SAC — make exploration part of the objective
DDPG/TD3 explore by bolting noise on after the fact, and tuning that noise is fiddly. Soft Actor-Critic (SAC) instead changes the goal: maximize reward plus the policy's own entropy ℋ(π(·|s)). The entropy term pays the agent to stay uncertain — to keep exploring — unless a clearly-better action justifies committing.
This is maximum-entropy RL. Two consequences:
- The policy is stochastic again. SAC's actor outputs a distribution (a squashed Gaussian: a = tanh(μφ(s) + σφ(s)·ϵ)), so exploration is built in, not added — no separate noise schedule. It still uses twin critics + the min, inheriting TD3's overestimation fix.
- The reparameterization trick. To backprop the actor through a sample, write the sample as a deterministic function of state and a fixed noise source ϵ∼𝒩(0,I). Now the randomness is an input, not the thing we differentiate, so ∇φ flows straight through the sampled action into the critic — the continuous-action analogue of the actor gradient above, but for a stochastic policy.
Finally, the temperature α (how much we value entropy) is hard to set by hand and should change as the agent learns. Automatic temperature tunes α by gradient to hit a target entropy ℋ̄ (often −d for a d-dim action): explore widely early, sharpen late, no manual schedule.
Interactive · a 1-D reacher with a deterministic actor
A point lives on a line; the target sits at the green tick. The action is a continuous nudge a ∈ [−1, 1] chosen by the actor, executed with exploration noise σ. The critic learns Q(s,a); the actor follows ∇aQ. Two knobs are bug-is-the-lesson settings:
- Exploration σ = 0 → the actor never sees alternative actions; it freezes wherever it started.

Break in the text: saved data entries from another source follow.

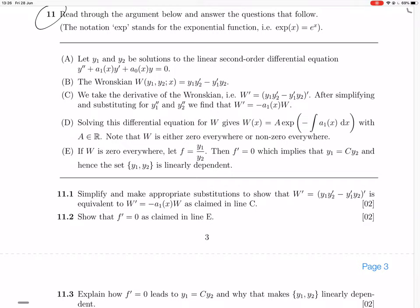So simplify and make appropriate substitutions to show that W dash — that's the derivative of the Wronskian — is equivalent to W dash equals zero, as claimed in 9c. In 9c, you take 9b, you've got the Wronskian, and then in c you differentiate the Wronskian. You do the differentiation, then you simplify, substitute for y₁ dash and y₂ dash, and you get W dash equals a₁(x)·W.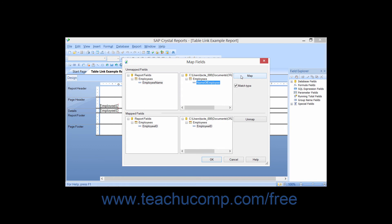In order to make this process easier, ensure that the Match Type checkbox is selected. This will ensure that when you select an unmapped field, only potential fields of the same data type will be displayed in the list to the right.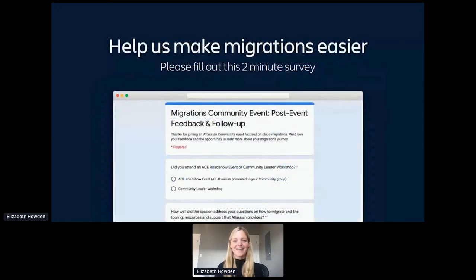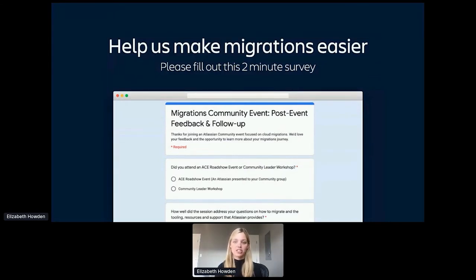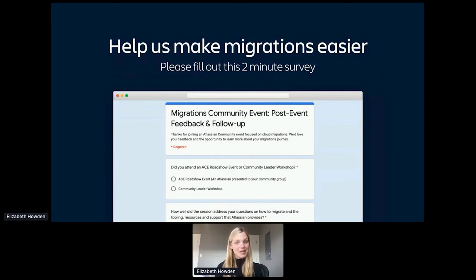Please fill out our quick one-minute survey about today's session and to share what information would be helpful as you consider moving to cloud. It will help us improve migrations and migration tooling. Thank you for your time — I'll stop sharing and we can open it up for Q&A.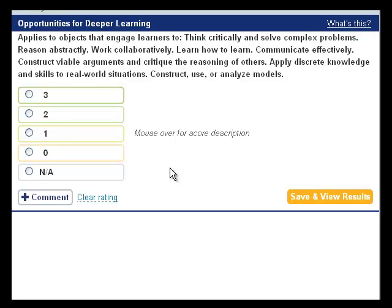This is what Rubric 7 looks like in the Evaluation Tool. To read more about deeper learning, click the What's This link in the upper right-hand corner. If you have decided to evaluate the object with this rubric, here are some suggestions for how to determine the rating.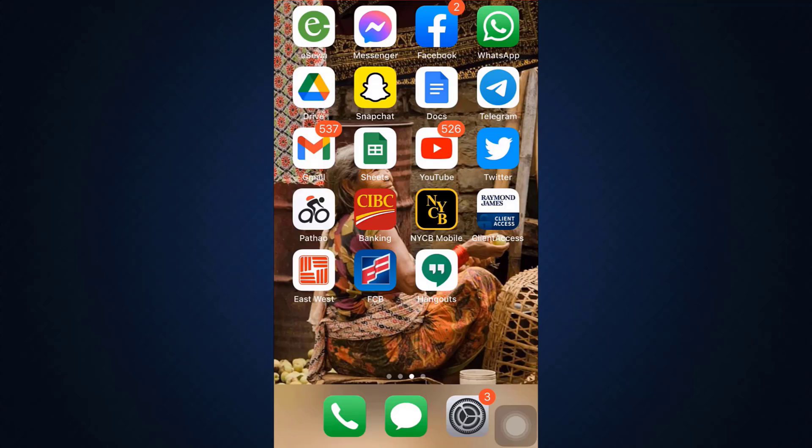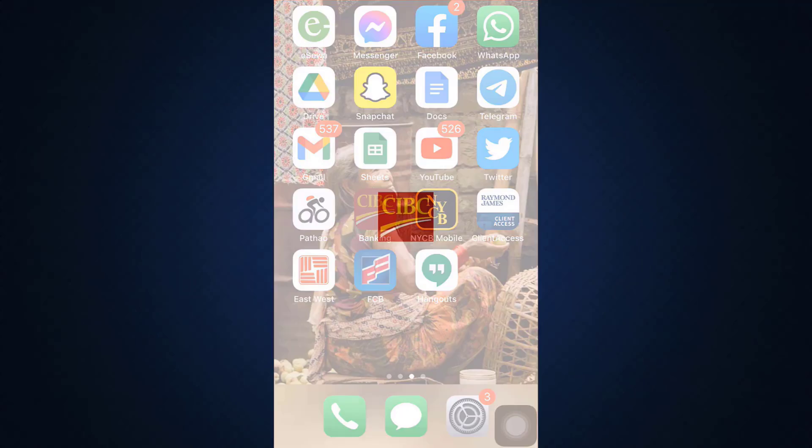First of all, make sure that you've already downloaded the CIBC app on your mobile device, and then head over to the app.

- Single critic → watch the estimated Q (red) drift above the true return (grey): overestimation. With twin critics (the min) the estimate stays calibrated and the reacher converges.
Where this goes next
Continuous control is the engine of robotics (lessons 21–23): a manipulator's joint torques and a car's steering/throttle are exactly the a ∈ ℝd we just learned to handle, and SAC/TD3 are the workhorses there. It also underlies continuous allocation problems like portfolio weights (lesson 25).
But every method here — DDPG, TD3, SAC — still assumes a live environment to collect fresh transitions into the replay buffer. For a real robot, a patient, or a trading account, online interaction is dangerous or expensive. Next we ask: can we learn from a fixed dataset, with no new interaction at all? That is offline (batch) RL — and it turns out the off-policy bootstrap we just relied on becomes the central hazard.